Saat Hiroshima – Nagasaki di-bom, Soegija berdiplomasi dengan Vatikan
sehingga negara itu menjadi negara Barat pertama yang mengakui kedaulatan
Indonesia.
Soegija memang terkenal dengan
silent diplomacy-nya. Tanpa harus
menggunakan kekerasan dan senjata, iman dan semangat kemanusiaannya dapat
menjadi panutan yang tak lekang waktu. Berkat kegigihannya itu, Seogija menjadi
uskup pribumi pertama yang mendapat gelar pahlawan nasional dari Soekarno.
Film yang disutradara Garin Nugroho dibuat melalui riset panjang ini bukan film
misionaris agama Katolik seperti yang banyak diperdebatkan. Tokohnya juga tidak
melulu Soegija. Film ini menampilkan sisi humanis yang masih ada dalam sebuah
perang.
Mariyem (Annisa Hertami) yang terpisah dari kakaknya Maryono (Abe) akibat
perang, kembali dipertemukan dalam kondisi berbeda. Ling Ling (Andrea Reva)
seorang bocah Tionghoa juga terpisah dari mamanya (Olga Lydia), kembali bertemu
dalam sebuah momen di gereja. Tokoh menggelitik pun ditampilkan, seorang bocah
yang hanya bisa mengeja kata ‘merdeka’ tapi punya semangat juang dan selalu
menjadi garda terdepan pasukan pemuda.
Rasa kemanusiaan juga dimiliki para penjajah.
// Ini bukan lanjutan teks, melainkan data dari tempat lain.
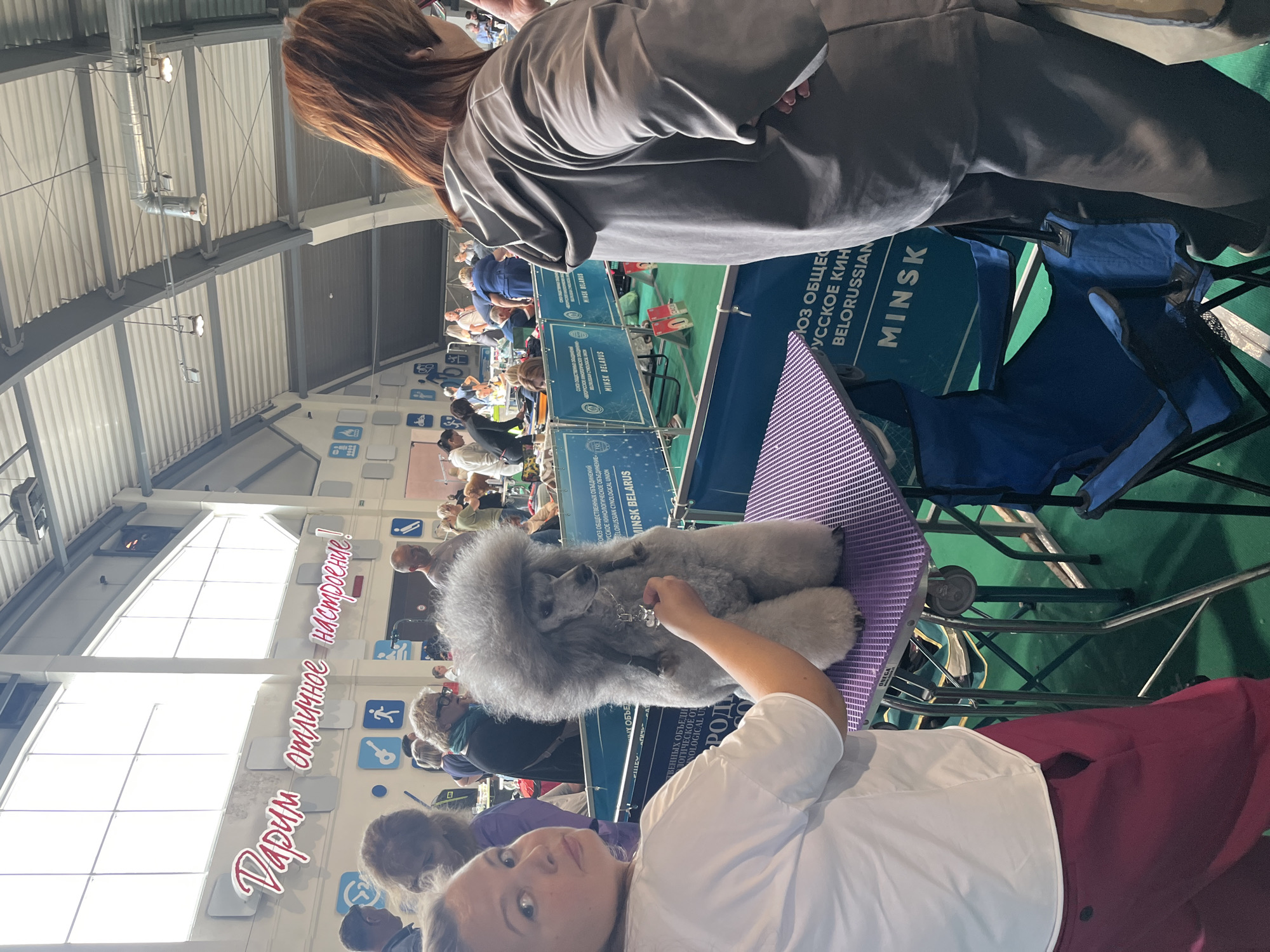 The image depicts an indoor dog show event, likely in Lahojsk selsaviet, Belarus, given the Cyrillic signage. In the foreground, a woman in a white top and maroon pants is presenting a standard poodle with a very fluffy, sculpted coat. The poodle is standing on a purple grooming table. To the right, another person, mostly obscured, wears a grey hooded jacket. The background shows multiple people, dog enclosures with signs indicating "MINSK BELARUS," and overhead industrial lighting. The overall environment suggests a formal competition or exhibition space.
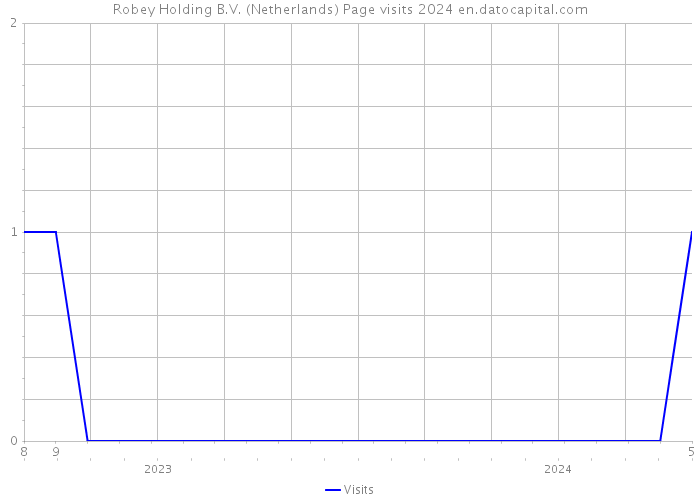 Robey Holding B.V. (Netherlands) Page visits 2024 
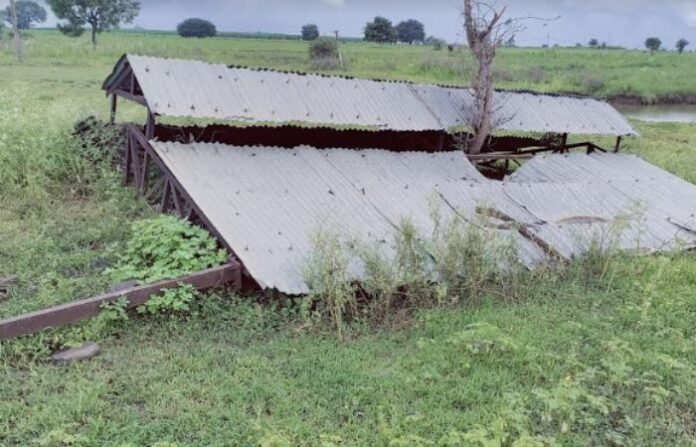 sangavi 1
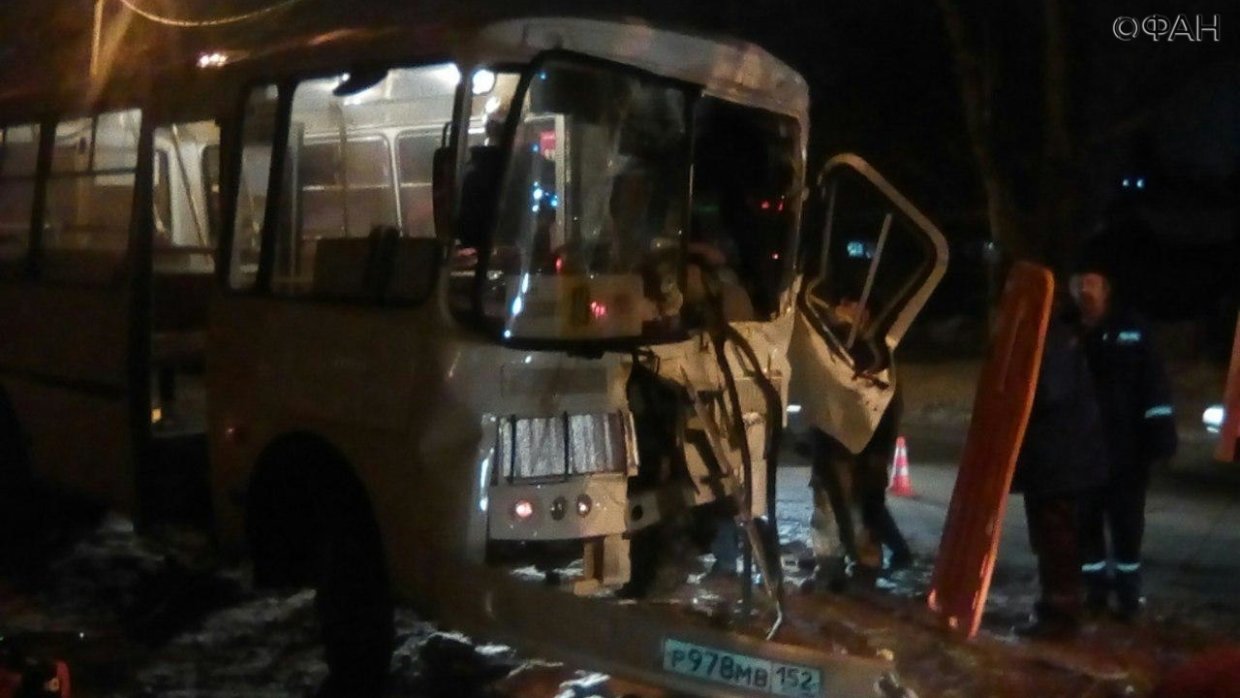 Водитель автобуса потерял сознание за рулем и врезался в дерево в Нижегородской области: ФАН публикует фото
Nobuzuki (Suzuki), pemimpin
tentara Jepang, tak pernah tega pada anak-anak karena ingat anaknya di rumah.
Robert (Wouter Zweers), tentara Belanda yang sangat bernafsu menjadi mesin
perang paling hebat, perasaannya luluh saat menemukan bayi di medan perang.
Hendrick (Wouter Braaf), jurnalis asal Belanda, pun selalu memotret
ekspresi-ekspresi manusiawi dan nasionalisme Indonesia. Ia menemukan cintanya,
namun tak mampu bersatu karena perang.
“Perjuangan sudah selesai, sekarang tinggal bagaimana menata negara dan
melayani masyarakat. Kalau mau jadi politikus, harus punya mental politik.
Kalau tidak, yang ada dalam pikirannya hanya kekuasaan dan akan menjadi benalu
negara,” pesan Soegija di akhir film itu, seakan menjadi perenungan bagi para
pemimpin sekaligus rakyat Indonesia di masa sekarang.